Diese Werte hier machen mir auch etwas Sorgen:



			Dieser Inhalt steht nur eingeloggten Mitgliedern zur Verfügung.
        


Bei dem AIDA64 Screenshot war der Rechner im IDLE, muss dazu sagen dass ich zurzeit den Rechner auch etwas übertaktet habe. (i2500k@4,5ghz, 6870@1000/1175mhz)
Das Problem tritt aber auch im Stock Zustand auf. Und die Werte sind auch in etwa gleich.

Also den Onboard Sound kann ich soweit ausschliessen, alles abgehängt und auch im BIOS deaktiviert und die Geräusche treten trotzdem auf.
Bin mir eigentlich ziemlich sicher dass es an der Kombination aus NT/Mainboard liegt:
PC-Fiepen bei Sockel 1155 Boards ( P67/Z68 ) und sonstige techn. Erklärungen zu den neuen Sandy-Bridge-Boards - Mainboards für Intel CPUs - MSI Forum

Bei dem AIDA64 Screenshot war der Rechner im IDLE, muss dazu sagen dass ich zurzeit den Rechner auch etwas übertaktet habe. (i2500k@4,5ghz, 6870@1000/1175mhz)
Das Problem tritt aber auch im Stock Zustand auf. Und die Werte sind auch in etwa gleich


----------



## derGronf (19. März 2013)

*AW: diverse nervige Geräusche am PC, Netzteil der Schuldige?*

Hallo strgee,

ich stelle mal ein paar Vermutungen an. Doch leider kann ich nichts mit deiner gepiepse/gefiepse Beschreibung anangen.
Soviel ich verstehe: Du hast schon recht, dein Netzteil sieht nicht gut aus. Eigentlich sollten die immer etwas über den angestrebten Volts liegen. Aber das sagt erst mal noch gar nichts. Diese unterschiede liegen im Messfehlertolleranzbereich. Mal davon ab, das ich Sensoren auf den Boards nicht mehr traue! Hier kannst du eins machen. Hol die nen Voltometer, mess dein Netzteil durch. Sollte du auch jetzt be 12 V nur 11,88 V bekommen, dann liefert dein NT tatsächlich zu wenig Strom; Reklamationsgrund.

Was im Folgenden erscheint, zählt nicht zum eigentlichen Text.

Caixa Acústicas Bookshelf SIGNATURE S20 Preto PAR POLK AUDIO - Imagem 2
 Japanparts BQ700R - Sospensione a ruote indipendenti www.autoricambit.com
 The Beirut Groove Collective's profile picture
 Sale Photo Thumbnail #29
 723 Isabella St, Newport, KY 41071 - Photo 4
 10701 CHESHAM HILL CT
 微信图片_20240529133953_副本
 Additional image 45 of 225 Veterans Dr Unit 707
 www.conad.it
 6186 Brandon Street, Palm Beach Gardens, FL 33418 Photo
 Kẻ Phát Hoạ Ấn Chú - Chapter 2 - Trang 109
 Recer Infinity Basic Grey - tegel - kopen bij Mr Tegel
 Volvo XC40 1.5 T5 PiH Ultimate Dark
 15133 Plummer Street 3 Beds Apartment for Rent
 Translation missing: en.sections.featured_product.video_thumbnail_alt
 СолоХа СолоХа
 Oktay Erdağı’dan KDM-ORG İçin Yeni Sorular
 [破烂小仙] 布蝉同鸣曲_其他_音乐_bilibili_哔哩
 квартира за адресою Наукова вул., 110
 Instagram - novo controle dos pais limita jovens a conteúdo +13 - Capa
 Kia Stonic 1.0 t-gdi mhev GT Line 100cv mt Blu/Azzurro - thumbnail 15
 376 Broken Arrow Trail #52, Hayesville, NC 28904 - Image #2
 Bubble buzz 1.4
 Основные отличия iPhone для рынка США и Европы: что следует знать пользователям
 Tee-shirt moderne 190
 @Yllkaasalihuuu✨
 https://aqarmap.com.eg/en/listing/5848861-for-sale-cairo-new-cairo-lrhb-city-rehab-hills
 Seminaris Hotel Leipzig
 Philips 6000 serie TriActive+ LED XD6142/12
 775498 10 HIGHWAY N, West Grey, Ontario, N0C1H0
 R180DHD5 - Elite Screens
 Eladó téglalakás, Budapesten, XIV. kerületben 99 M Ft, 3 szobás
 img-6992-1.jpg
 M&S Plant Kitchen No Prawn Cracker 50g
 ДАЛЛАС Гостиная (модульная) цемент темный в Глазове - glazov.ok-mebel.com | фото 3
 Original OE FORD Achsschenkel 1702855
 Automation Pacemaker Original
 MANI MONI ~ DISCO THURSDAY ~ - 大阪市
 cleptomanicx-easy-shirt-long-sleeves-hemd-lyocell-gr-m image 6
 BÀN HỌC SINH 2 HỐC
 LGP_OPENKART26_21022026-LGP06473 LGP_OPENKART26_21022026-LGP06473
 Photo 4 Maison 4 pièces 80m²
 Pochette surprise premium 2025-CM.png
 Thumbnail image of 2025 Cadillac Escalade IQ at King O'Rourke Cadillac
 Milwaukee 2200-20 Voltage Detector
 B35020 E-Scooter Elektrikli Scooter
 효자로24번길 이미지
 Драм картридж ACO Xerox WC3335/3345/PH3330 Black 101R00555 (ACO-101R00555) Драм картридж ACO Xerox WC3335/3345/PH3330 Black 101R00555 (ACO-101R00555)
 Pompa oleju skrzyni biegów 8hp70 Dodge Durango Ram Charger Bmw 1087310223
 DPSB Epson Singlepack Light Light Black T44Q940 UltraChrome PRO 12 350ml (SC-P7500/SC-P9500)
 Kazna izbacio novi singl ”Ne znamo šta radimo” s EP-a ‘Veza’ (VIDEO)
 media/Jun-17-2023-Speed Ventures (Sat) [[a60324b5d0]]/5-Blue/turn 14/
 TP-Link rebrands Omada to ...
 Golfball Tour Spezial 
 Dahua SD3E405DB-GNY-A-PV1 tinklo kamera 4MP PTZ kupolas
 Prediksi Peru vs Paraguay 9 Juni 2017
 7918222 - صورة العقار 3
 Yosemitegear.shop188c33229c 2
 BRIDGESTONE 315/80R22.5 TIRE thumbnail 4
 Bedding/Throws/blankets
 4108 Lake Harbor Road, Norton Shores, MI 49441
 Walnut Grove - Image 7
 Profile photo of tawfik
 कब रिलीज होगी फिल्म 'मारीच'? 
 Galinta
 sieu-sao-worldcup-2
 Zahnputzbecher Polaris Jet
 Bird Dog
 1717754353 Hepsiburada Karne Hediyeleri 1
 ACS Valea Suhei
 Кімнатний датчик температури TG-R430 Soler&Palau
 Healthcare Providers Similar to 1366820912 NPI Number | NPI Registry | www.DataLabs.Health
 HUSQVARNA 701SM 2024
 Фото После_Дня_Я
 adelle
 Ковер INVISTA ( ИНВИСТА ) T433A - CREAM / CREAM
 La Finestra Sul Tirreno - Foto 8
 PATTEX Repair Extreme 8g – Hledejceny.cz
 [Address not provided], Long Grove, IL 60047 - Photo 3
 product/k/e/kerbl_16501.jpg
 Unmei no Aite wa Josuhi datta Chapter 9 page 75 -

Wills du kein Voltometer haben wollen, ein jeder Computerbegeisterte sollte eins haben, dann kannst du auch alle Verbraucher ausbauen, Festplatten, bis auf einer, DVD-Laufwerk, Lüfter, Kartenleser usw., eben alles, was du nicht brauchst. Du hättest aber wirklich Glück, wenn dein Netzteil nur kaputt ist. Denn das kommt so selten vor, das die nicht genug Strom liefern, um irgendwas unterzuversorgen.

Das piepsen oder fiepsen kann durch schlechte Kondensatoren kommen. Dann wäre allerdings das Board dran schuld. Ob du eine Reklamationsgrundlage dafür hast, nur weil die Kondensatoren fiepsen, weiß ich nicht. Ich würde es aber bezweifeln. Man muss heutzutage mit fiepsendenn Kondensatoren rechnen. Ist wie mit den Pisxelfehlern eines LCDs, eine gewisse Anzahl ist vertretbar. MAl davon ab, das alte Menschen das sowieso nicht hören.

Mehr kann ich dir nicht dazu sagen. Durchmessen ist wohl das einfachste am Anfang. Kostet auch nicht so viel. Und sonst hilft nur testen, umbauen und weiter testen.

derGronf
viel Erfolg


----------